Without constitutional recognition, the Syriacs have no legal existence. In addition, the present ID Card even forces them to adopt an identity that is foreign to them, such as Arab, Turkmen, Chaldean or Assyrian. With the lack of a legal status in their native country and the reconquest of the Nineveh Plain in sight, there is a risk that Iraq may lose a critical component of its ancient ethno-religious mosaic.
“This absence of appreciation, acknowledgment and support does not promise much good. Our people are seriously concerned about their future in the homeland and it has led to angry reactions from hundreds of thousands of Arameans in and beyond Iraq who refuse to identify themselves other than Syriacs or Arameans. The WCA urgently appeals to Iraq’s lawmakers to make constitutional amendments and offer the Syriacs perspectives in Iraq’s post-ISIS period,” emphasizes the President of the World Council of Arameans (Syriacs (“WCA”)), Johny Messo.

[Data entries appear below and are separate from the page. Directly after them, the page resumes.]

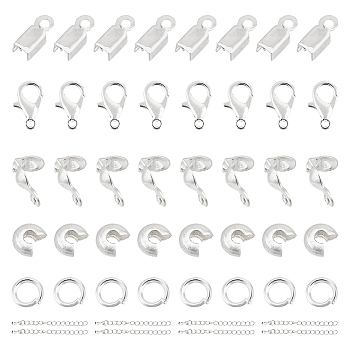 DIY Jewelry Making Finding Kit, Including Zinc Alloy Lobster Claw Clasps, Iron Jump Rings & Folding Crimp Ends & Bead Tips & Crimp Beads Covers, Brass Chain Extender, Silver, 900Pc/box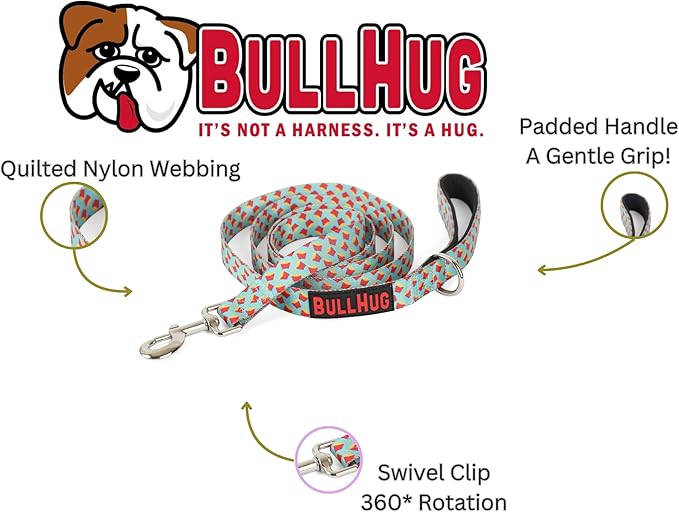 BULLHUG 6 FT Bulldog Leash with Padded Handle. Perfect for Bulldogs, French Bulldogs, Pugs & All Breeds. Leashes for Walking, Training Lead for Bulldogs (Fries)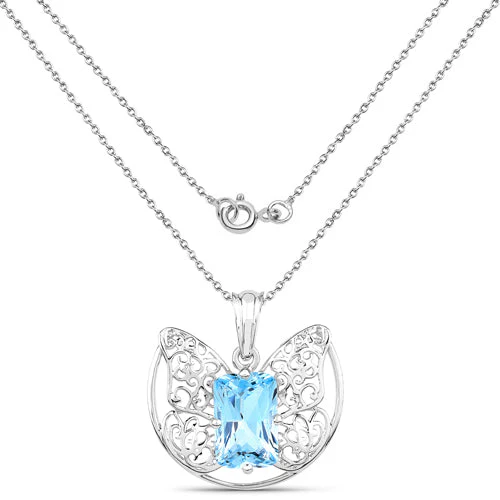 11.10 Carat Genuine Swiss Blue Topaz .925 Sterling Silver Pendant - Image 4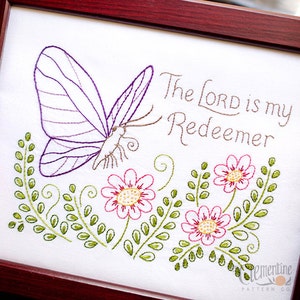 My Redeemer Beginner Sampler Embroidery Pattern with Butterfly image 1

The Chaldean and Assyrian politicians who were part of the committee that was responsible for the constitutional changes also failed to represent the interests of Iraq’s Syriac Christians. Yesterday, the Chaldean Patriarch Mar Louis Sako, leader of Iraq’s largest Christian community, expressed written support for the demand of the Syriacs, who represent the second-largest Christian group in Iraq.

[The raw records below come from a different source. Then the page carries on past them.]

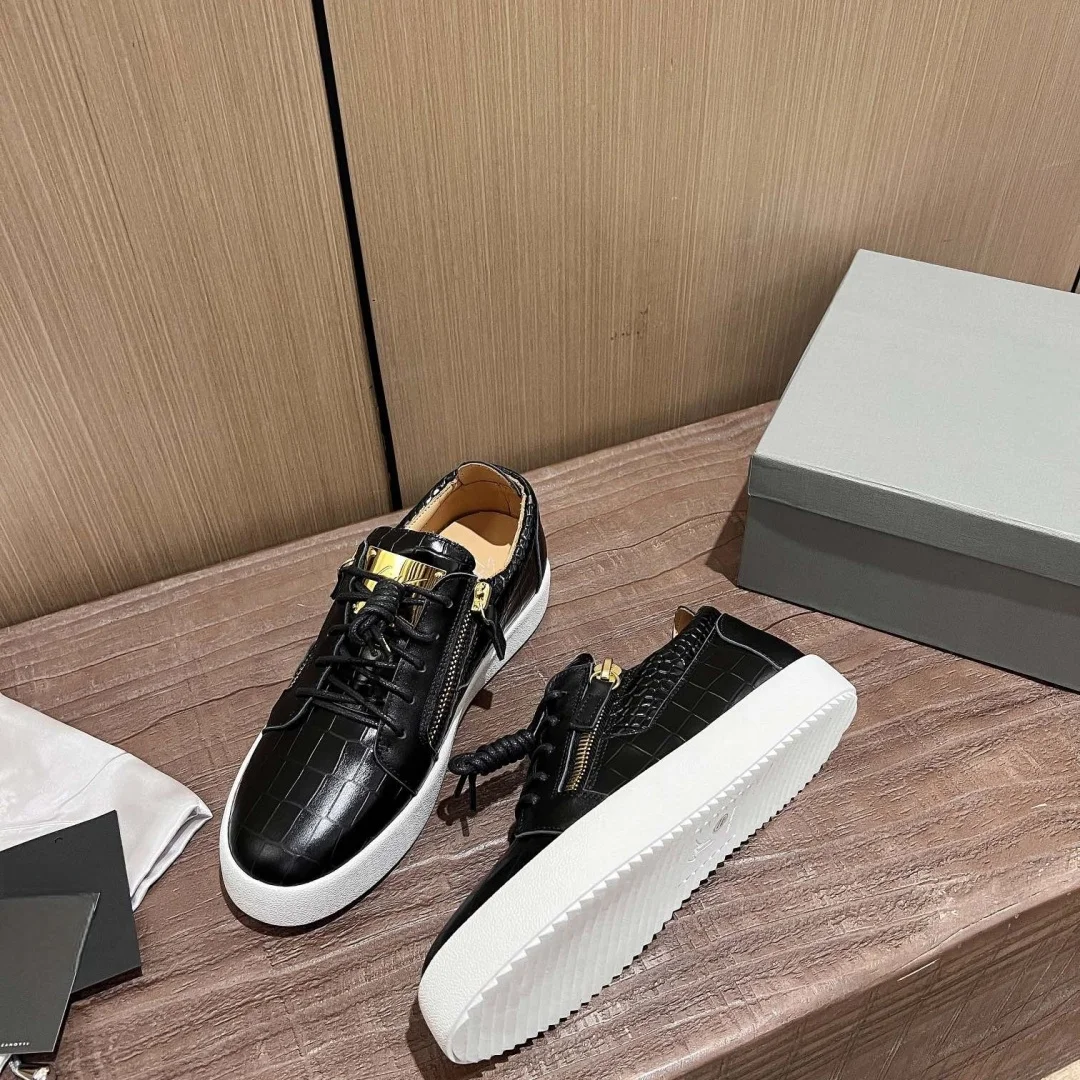 

Top Hight Quality Casual Sneakers For Men and Women Real Leather Brand Designer Unisex Tennis Shoes GZ Zipper Loafer Shoes G0409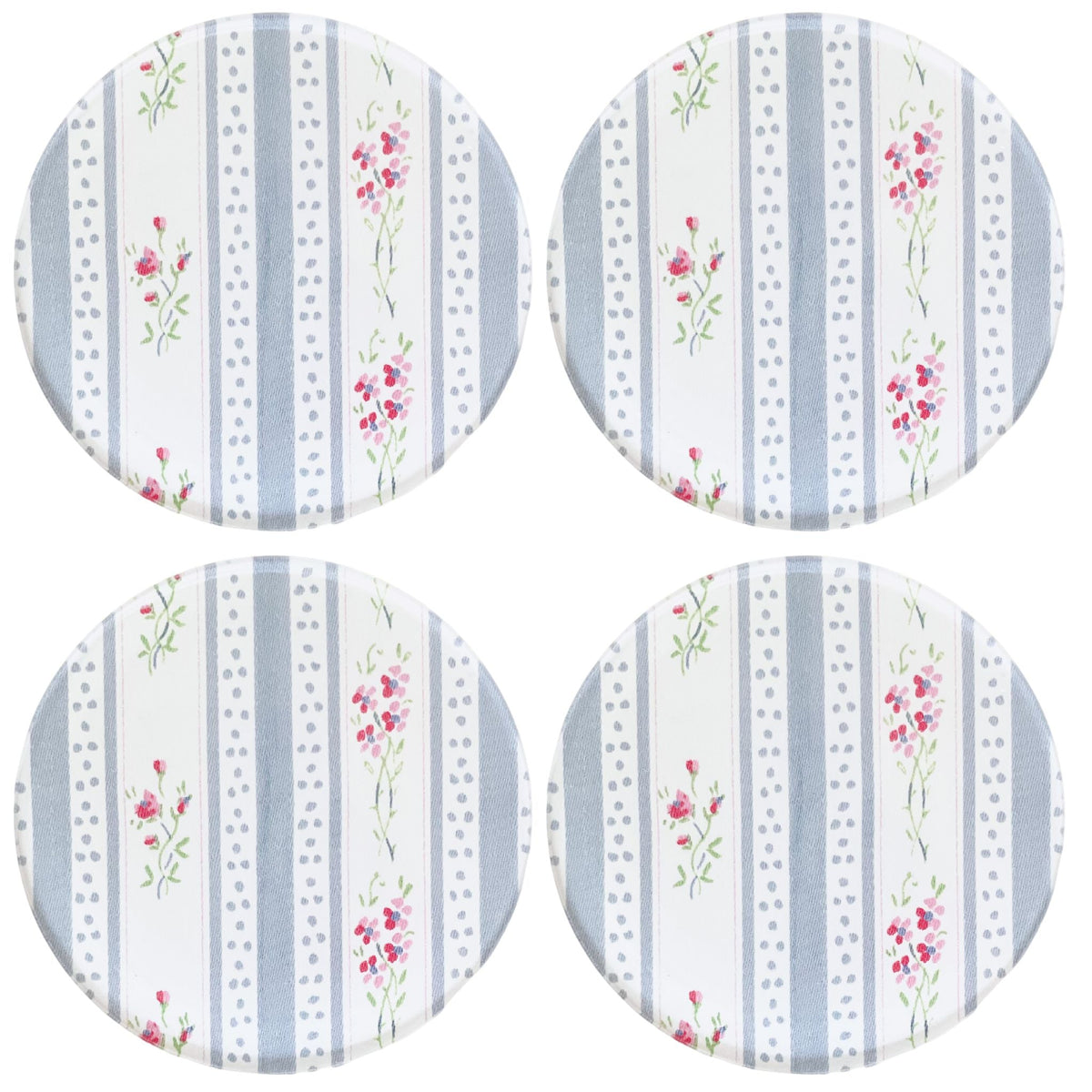 James Vintage Floral Stripe Coaster Set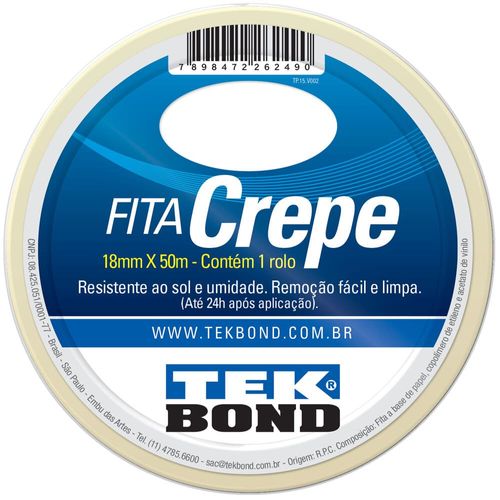 Fita Crepe Branca 18mmx50m Tekbond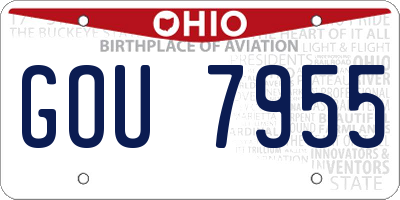 OH license plate GOU7955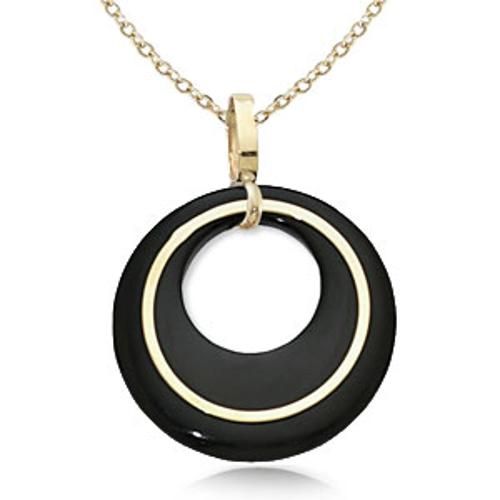 Onyx Round Disco With Ring Fashion Pendant-902297ox-14k Gold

The WCA calls upon Iraqi lawmakers to rectify this issue without further delay in order to put an end to the ongoing exclusion of the Syriacs from the constitution. The answer to this appeal is critical. They can show that they really care about protecting the right of existence of the Syriacs in their homeland and save Iraq’s rich multi-ethnic, multi-religious and multi-linguistic heritage, of which the Syriac (Aramean) Christians and their Syriac (Aramaic) language are an ancient but threatened representative.